Using the cover names of Robert Steinbacher and Otto Steinbauer, and supported by either Nazi funds (or according to some sources Austrian Intelligence), he set up a secret organization named Die Spinne[16][17] which helped as many as 600 former SS men escape from Germany to Spain, Argentina, Paraguay, Chile, Bolivia, and other countries. As the years went by, Skorzeny, Gehlen, and their network of collaborators gained enormous influence in Europe and Latin America, Skorzeny travelling between Franquist Spain and Argentina, where he acted as an advisor to the dictator Juan Perón, his aim to foster the growth of a fascist "Fourth Reich" centered in Latin America.[18][19][20]
Skorzeny also acted as an advisor to the leadership of the Spanish neo-Nazi group CEDADE, which had been established in 1966, and which counted him as one of its founding fathers.[21]
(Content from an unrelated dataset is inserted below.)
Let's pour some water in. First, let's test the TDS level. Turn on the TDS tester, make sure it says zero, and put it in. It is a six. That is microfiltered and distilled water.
Like thousands of other former Nazis, Skorzeny was declared entnazifiziert (denazified) in absentia in 1952 by a West German government arbitration board, which now meant he could travel from Spain into other Western countries. He spent part of his time between 1959 and 1969 in Ireland, where he bought Martinstown House, a 200-acre (0.81 km2) farm in County Kildare in 1959. He also had property in Mallorca.[22]
In the 1960s Skorzeny set up the Paladin Group, which he envisioned as "an international directorship of strategic assault personnel [that would] straddle the watershed between paramilitary operations carried out by troops in uniforms and the political warfare which is conducted by civilian agents". Based near Alicante, Spain, the Paladin Group specialized in arming and training guerillas, and their clients included the South African Bureau of State Security and Muammar al-Gaddafi. They also carried out work for the Greek military junta of 1967–1974 and some of their operatives were recruited by the Spanish Interior Ministry to wage clandestine war against Basque separatists. The Soviet news agency TASS alleged that Paladin was involved in training US Green Berets for Vietnam missions during the 1960s, but this is considered unlikely.[23]
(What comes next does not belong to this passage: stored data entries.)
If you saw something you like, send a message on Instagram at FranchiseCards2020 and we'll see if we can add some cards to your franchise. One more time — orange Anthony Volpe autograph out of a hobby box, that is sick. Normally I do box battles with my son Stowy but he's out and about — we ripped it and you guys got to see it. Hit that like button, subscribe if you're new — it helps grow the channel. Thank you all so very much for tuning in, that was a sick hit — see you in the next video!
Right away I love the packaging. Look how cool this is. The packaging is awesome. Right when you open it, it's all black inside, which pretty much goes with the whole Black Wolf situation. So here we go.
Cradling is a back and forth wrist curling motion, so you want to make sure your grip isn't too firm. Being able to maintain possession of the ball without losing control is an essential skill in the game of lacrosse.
In 1970, a cancerous tumor was discovered on Skorzeny's spine. Two tumors were removed in Hamburg, but the surgery left him paralyzed from the waist down. Vowing to walk again, Skorzeny spent long hours with a physical therapist, and within six months was back on his feet. The years following were hard for Skorzeny, as he realised his final days were approaching.
Otto Skorzeny finally succumbed to cancer on 7 July, 1975 in Madrid at the age of 67.[24] He was cremated. His ashes were later brought to Vienna and interred in the Skorzeny family plot at Döblinger Friedhof.